MATERIAL PROVIDED
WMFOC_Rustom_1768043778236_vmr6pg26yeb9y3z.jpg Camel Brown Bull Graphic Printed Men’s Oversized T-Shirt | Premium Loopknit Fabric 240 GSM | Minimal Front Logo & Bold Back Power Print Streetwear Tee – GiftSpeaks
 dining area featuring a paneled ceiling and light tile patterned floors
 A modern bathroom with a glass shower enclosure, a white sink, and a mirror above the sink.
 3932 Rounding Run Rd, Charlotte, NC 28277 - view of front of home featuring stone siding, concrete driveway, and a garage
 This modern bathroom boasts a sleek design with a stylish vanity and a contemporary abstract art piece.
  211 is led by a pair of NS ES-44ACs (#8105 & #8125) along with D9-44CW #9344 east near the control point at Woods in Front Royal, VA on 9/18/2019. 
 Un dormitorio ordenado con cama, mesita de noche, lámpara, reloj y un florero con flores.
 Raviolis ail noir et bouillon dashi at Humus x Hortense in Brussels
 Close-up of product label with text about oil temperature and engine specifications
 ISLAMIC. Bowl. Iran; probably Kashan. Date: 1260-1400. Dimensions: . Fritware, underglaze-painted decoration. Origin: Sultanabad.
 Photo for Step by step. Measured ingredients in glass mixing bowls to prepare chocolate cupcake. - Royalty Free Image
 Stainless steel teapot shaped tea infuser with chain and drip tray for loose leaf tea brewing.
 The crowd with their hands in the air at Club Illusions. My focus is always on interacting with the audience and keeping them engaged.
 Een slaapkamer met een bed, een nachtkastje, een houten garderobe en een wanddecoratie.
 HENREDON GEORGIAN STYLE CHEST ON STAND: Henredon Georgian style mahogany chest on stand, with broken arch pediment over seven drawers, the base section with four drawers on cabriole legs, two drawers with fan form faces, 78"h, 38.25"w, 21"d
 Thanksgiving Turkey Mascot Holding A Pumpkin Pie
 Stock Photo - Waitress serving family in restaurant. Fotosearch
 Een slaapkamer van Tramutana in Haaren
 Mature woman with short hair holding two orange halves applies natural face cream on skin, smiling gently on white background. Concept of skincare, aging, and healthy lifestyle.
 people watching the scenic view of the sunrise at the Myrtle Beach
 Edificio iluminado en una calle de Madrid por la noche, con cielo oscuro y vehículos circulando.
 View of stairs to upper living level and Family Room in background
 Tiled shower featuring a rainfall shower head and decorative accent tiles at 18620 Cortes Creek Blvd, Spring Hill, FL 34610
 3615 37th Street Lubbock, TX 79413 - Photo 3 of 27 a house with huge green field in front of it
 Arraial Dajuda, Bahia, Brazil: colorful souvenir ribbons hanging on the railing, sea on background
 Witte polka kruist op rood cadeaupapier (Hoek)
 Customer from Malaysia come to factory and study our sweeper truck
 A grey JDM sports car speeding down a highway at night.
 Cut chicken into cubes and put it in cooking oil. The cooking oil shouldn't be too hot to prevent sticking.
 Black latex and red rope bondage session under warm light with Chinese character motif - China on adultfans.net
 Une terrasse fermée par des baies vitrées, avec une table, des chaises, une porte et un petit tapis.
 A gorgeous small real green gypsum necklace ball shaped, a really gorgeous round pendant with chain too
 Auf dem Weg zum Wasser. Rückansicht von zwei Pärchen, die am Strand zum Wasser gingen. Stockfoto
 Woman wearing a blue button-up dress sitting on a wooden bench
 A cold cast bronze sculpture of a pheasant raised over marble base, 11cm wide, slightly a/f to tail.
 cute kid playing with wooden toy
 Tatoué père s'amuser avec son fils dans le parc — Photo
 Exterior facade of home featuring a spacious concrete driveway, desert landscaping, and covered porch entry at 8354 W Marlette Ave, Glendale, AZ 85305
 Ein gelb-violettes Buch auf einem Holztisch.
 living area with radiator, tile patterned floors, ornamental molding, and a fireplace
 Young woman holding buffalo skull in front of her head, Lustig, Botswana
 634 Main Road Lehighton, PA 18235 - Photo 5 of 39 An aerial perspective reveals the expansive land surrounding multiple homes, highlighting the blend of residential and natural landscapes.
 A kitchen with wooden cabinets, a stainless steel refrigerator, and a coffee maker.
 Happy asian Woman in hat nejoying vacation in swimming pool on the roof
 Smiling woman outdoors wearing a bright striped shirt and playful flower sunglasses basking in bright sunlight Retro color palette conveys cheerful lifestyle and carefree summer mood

WORK INSTRUCTIONS
Every line in the records above that contains the word "driveway" is to be copied out.

YOUR RESPONSE
 3932 Rounding Run Rd, Charlotte, NC 28277 - view of front of home featuring stone siding, concrete driveway, and a garage
 Exterior facade of home featuring a spacious concrete driveway, desert landscaping, and covered porch entry at 8354 W Marlette Ave, Glendale, AZ 85305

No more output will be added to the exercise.